Allows 100 requests per minute to the backend. Excess requests wait for a free slot:

definitions {
  backend "my_api" {
    origin = "https://api.example.com"

    throttle {
      period     = "1m"
      per_period = 100
    }
  }
}

Example: Fixed window (block mode)

Allows 10 requests per second. Excess requests are immediately rejected with HTTP 429:

definitions {
  backend "strict_api" {
    origin = "https://api.example.com"

    throttle {
      period        = "1s"
      per_period    = 10
      period_window = "fixed"
      mode          = "block"
    }
  }
}

server {
  endpoint "/strict" {
    proxy {
      backend = "strict_api"
    }

    error_handler "backend_throttle_exceeded" {
      response {
        status = 429
        headers = {
          retry-after = "1"
        }
        json_body = {
          error = "rate limit exceeded, try again later"
        }
      }
    }
  }
}

Attributes

NameTypeDefaultDescription
mode
string
"wait"
If mode is set to block and the throttle limit is exceeded, the client request is immediately answered with HTTP status code 429 (Too Many Requests) and no backend request is made. If mode is set to wait and the throttle limit is exceeded, the request waits for the next free throttling period.
per_period
number
-
Defines the number of allowed backend requests in a period.
period
duration
-
Defines the throttle period.
period_window
string
"sliding"
Defines the window of the period. A fixed window permits per_period requests within period after the first request to the parent backend.
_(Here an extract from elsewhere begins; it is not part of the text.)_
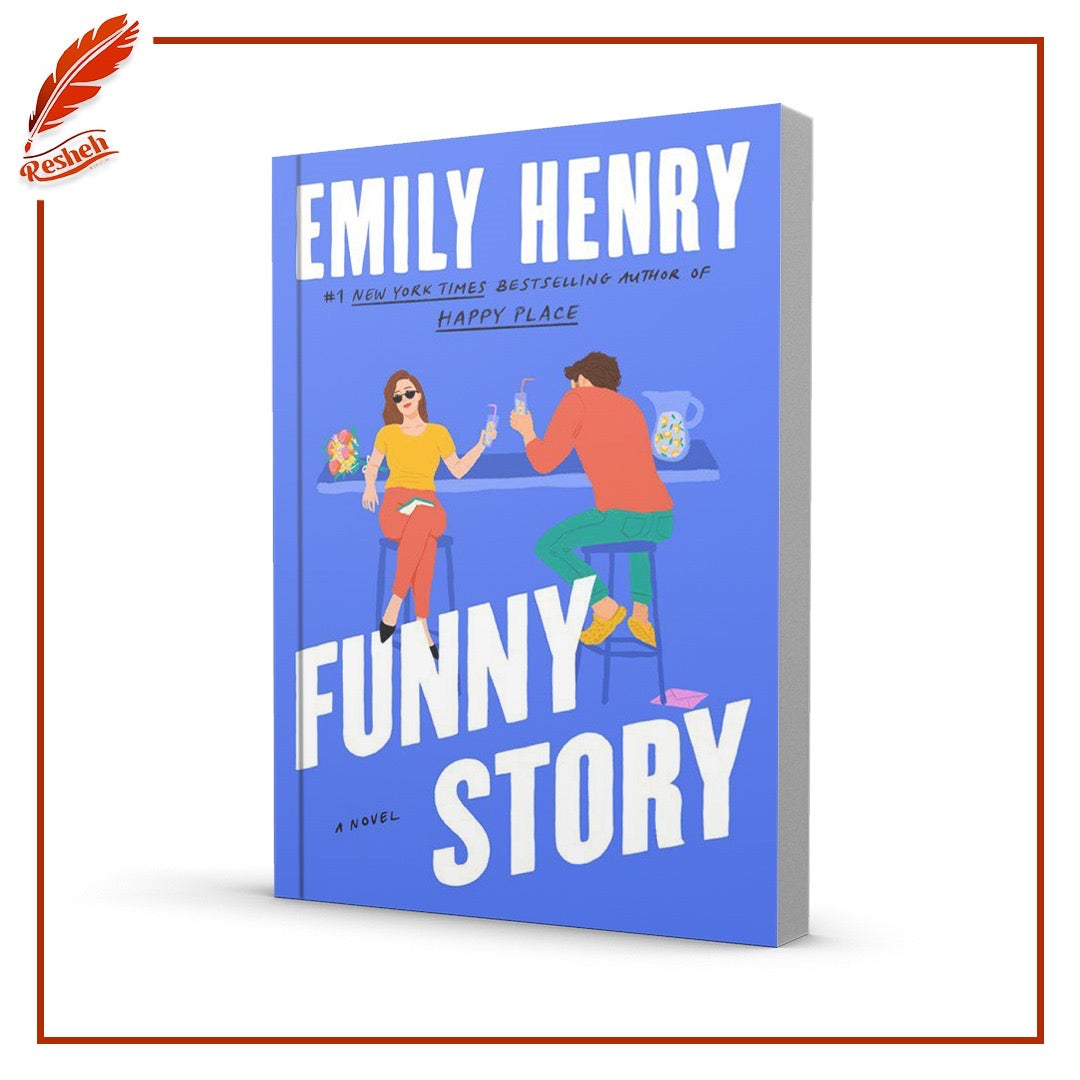 Funny Story
Emily Henry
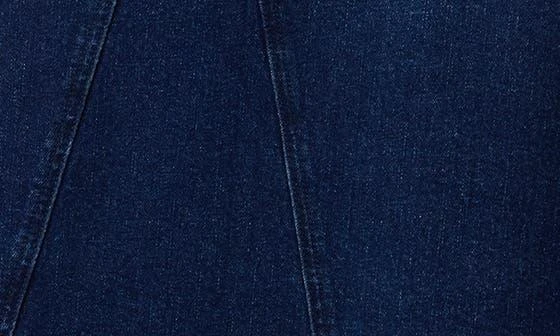 Joe's Denim Maxi Skirt 3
After the period has expired, another per_period request is permitted. The sliding window ensures that only per_period requests are sent in any interval of length period.

Duration

Values of type duration are provided as number string followed by a unit listed below.

Example: timeout = "300s"

Duration unitsDescription
nsnanoseconds
us (or µs)microseconds
msmilliseconds
sseconds
mminutes
hhours